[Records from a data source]
━━━━━━━━━━
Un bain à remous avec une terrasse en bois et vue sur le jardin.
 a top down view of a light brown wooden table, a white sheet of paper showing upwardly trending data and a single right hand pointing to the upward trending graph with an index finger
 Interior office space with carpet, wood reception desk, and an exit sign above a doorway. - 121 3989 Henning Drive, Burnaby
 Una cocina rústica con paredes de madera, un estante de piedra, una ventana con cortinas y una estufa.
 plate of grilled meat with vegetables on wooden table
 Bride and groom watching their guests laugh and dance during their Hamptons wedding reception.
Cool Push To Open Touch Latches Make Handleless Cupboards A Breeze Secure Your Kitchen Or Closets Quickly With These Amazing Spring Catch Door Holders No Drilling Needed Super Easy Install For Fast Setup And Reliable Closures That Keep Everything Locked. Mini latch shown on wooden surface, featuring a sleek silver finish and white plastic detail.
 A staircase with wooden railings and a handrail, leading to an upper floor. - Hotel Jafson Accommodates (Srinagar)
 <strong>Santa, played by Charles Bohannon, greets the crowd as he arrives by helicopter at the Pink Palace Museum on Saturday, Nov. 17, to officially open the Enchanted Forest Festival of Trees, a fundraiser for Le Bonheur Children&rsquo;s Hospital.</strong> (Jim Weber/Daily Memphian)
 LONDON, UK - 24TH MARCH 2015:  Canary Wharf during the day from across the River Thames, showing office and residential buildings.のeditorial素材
━━━━━━━━━━
> [Your instructions] Gather from the data above every line with the string "office".

> [Response to this exercise]
 Interior office space with carpet, wood reception desk, and an exit sign above a doorway. - 121 3989 Henning Drive, Burnaby
 LONDON, UK - 24TH MARCH 2015:  Canary Wharf during the day from across the River Thames, showing office and residential buildings.のeditorial素材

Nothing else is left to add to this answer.